Cilantro: Introduced by the Spanish, the herb cilantro is the green leaves of the coriander plant. Fresh cilantro is featured in many Mexican dishes and is a must in salsas. Cooked, it begins to lose its anise-like flavor, which is why it's typically added to dishes just before serving. Do not substitute dried cilantro for fresh.
Chayote Squash: Also called a "vegetable pear," chayote are mild-flavored, pale green squash with a thin skin that can be smooth or prickly, depending on the variety. Chayote can be eaten raw, stuffed, pickled or fried. Smooth-skinned chayote don't require peeling.
Garlic: A member of the lily family (along with leeks, chives, onions and shallots) garlic is the strongest-flavored, most assertive member of the group. Spanish conquistadores brought garlic to Mexico; today, garlic adds bold flavor to rubs, marinades, soups and sauces.
Citrus: The Spanish introduced citrus into Mexico. The bright flavors of lemons, limes, and bitter Seville orange are integral to many Mexican dishes, from salsas to tortilla soups to ceviches. If Seville oranges are unavailable, you can approximate their distinctive, tart flavor by combining a little grapefruit, lime, and orange juice in equal amounts. Small Mexican limes enliven meats, corn dishes, and add refreshment when squeezed into a bottle of cold Mexican lager.
Cotija cheese: Dairy foods entered the Mexican diet after the arrival of the Spanish, who brought cattle and goats. Cojito cheese is dry and crumbly with a salty taste somewhat like feta (an adequate though not equivalent substitute). Cojito, as well as queso fresco and queso blanco, can be used to top tacos, beans, enchiladas--the works. These cheeses don't melt well, so they're typically added at the end of cooking or as a garnish.
Pork: Introduced by the Spanish, pork is a primary meat in stews and as fillings for tortillas in tacos and enchiladas. Fresh ground pork is also used in Mexican chorizo sausage (Spanish chorizo is made from smoked pork).
Lard: Lard is a shelf-stable cooking fat that is used throughout Mexico for frying, as well as in tamales, beans, flour tortillas, and in baking. Lard is rendered from the layer of fat around pork kidneys.
Mexican Oregano: Milder than Mediterranean versions, Mexican oregano is found in chili powders, chili con carne and other Mexican dishes. If you substitute Mediterranean oregano, cut back just a bit to account for Mexican oregano's more subtle flavor.

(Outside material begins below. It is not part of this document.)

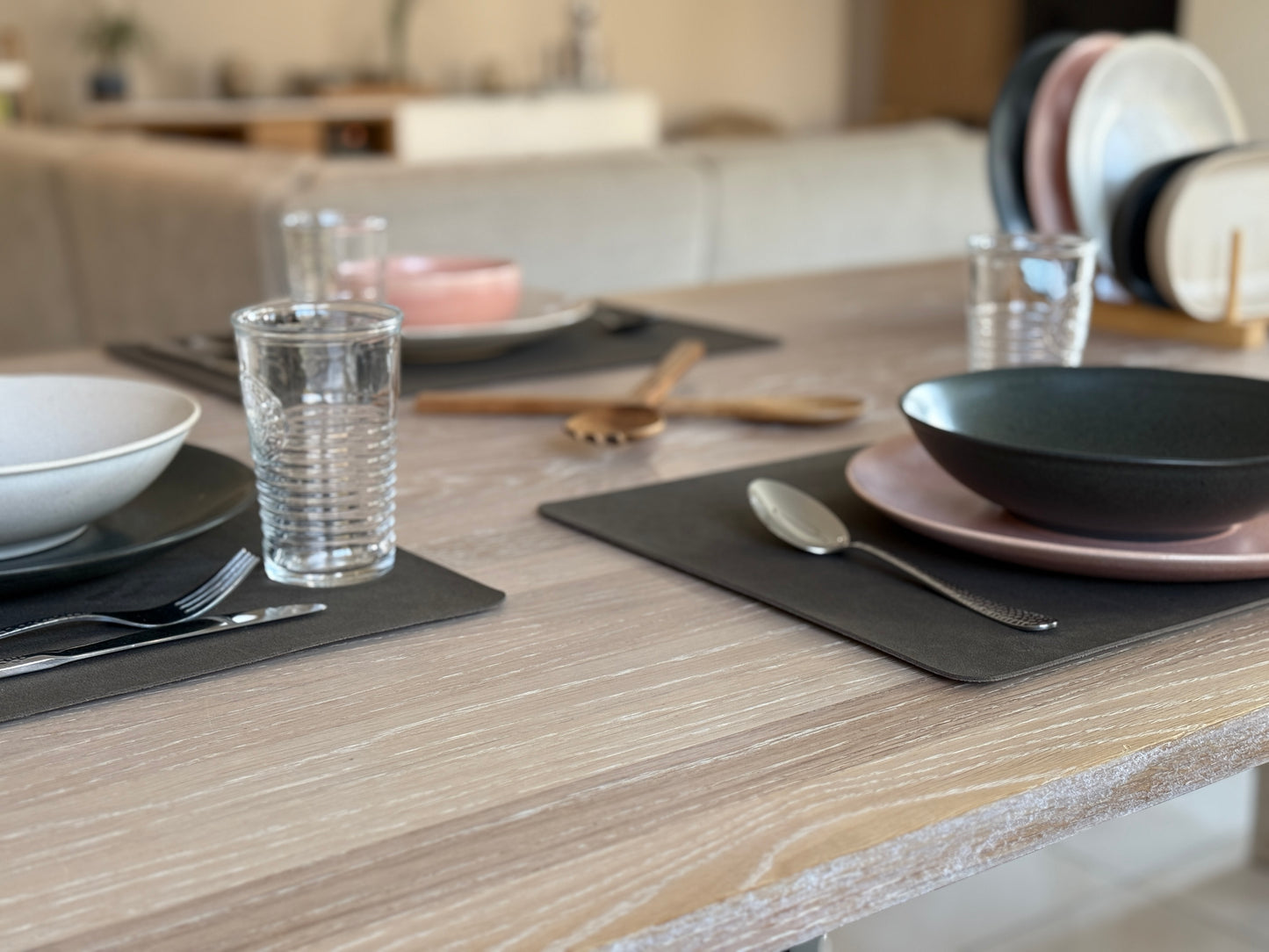 Pasta Bowl 22,5 cm - Preto E Puntos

Cumin: Cumin is characterized by a strong musty, earthy flavor which also contains some green/grassy notes. Cumin is a critical ingredient of chili powder, achiote blends and adobo sauce.
Annatto (Achiote): These are the bright red seeds that come from a tropical bush that grows in Mexico. Ground into seasoning pastes, annatto seeds add deep red color and pungent flavor to Mexican dishes. Achiote is used to give Cheddar cheese its orange color.
Chili Powder: In other cuisines, the term "chili powder" refers to a single ground red chile, such as cayenne. Mexican chili powder is a particular spice blend made from different dried chiles, Mexican oregano, cumin, coriander, and sometimes garlic, cloves and salt.
Vanilla: Made from the bean of an edible orchid, vanilla has been enjoyed in Mexico since ancient times. Real Mexican vanilla extract is deeply fragrant and flavorful.
Chocolate: The world's love affair with chocolate began in Mexico, where for centuries pounded cocoa beans were frothed into a foamy drink that was usually bitter, not sweet. When Cortes arrived in the New World, he was welcomed with this beverage. A little bit of Mexican chocolate adds depth to mole sauces.